While AI has played a valuable role in promoting global efficiency and continues to offer new and exciting online tools, cybercriminals know how to take advantage of emergent technology. Even general phishing attempts are more impactful when a large language model (LLM) includes real-time information to add believability and urgency.

In addition, scams originating from countries that speak different languages would previously be simple to ignore, but AI-powered translation makes international scam emails much more effective. Real-time translation isn’t perfect yet, but translation services are already optimizing the phishing industry globally.

More notably, AI technology has led to “spear phishing,” a more advanced phishing technique that uses social engineering to target specific individuals. An AI can quickly scan someone’s social media sites, existing data breaches, and other sources to seem much more convincing.

AI chatbots play another significant role in cybercrime, perfect for creating engagement with scams. If a user can’t pick out the peculiarities of an AI model, they will likely assume that they are speaking with a real person and be much more susceptible to clicking on whatever link is sent their way. A human attacker could never keep up with so many conversations in a widespread phishing campaign, but an AI has no such limitations.

Best Practices for Protection

In an online landscape where phishing attacks are becoming far more sophisticated and challenging to detect, one of your best practices is never clicking on email links. Navigating to an official website manually is almost always safer than going through email. It might be less convenient, but it protects against various phishing attempts.

An outside tool, such as a password manager, is also an effective way to avoid phishing attempts. A password manager will only autofill your credentials to legitimate URLs, ensuring you aren’t tripped up by a missing character that takes you to a different website. In the same vein, users should enable multi-factor authentication for an added layer of security.

On the business level, corporations should implement challenge-response codes to verify sensitive requests. This security mechanism ensures that users are who they say they are before granting access to the company system, protecting digital assets from unauthorized individuals.

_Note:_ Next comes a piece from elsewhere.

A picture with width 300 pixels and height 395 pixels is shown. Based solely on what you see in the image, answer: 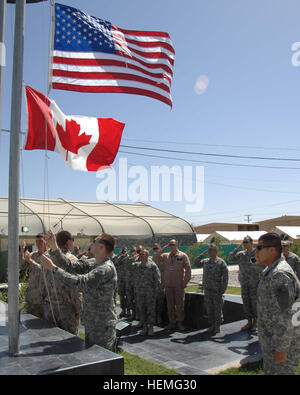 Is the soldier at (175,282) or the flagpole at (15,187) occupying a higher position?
the flagpole at (15,187)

The Future of Cybersecurity

AI-driven phishing scams will only become more sophisticated from this point forward, so humans may soon be unable to detect them independently. To address this issue, the cybersecurity industry is moving toward passkeys, which use public-private key encryption rather than traditional passwords. Whether these measures will be able to prevent cybercrime remains uncertain, so it is vital to keep best practices in mind.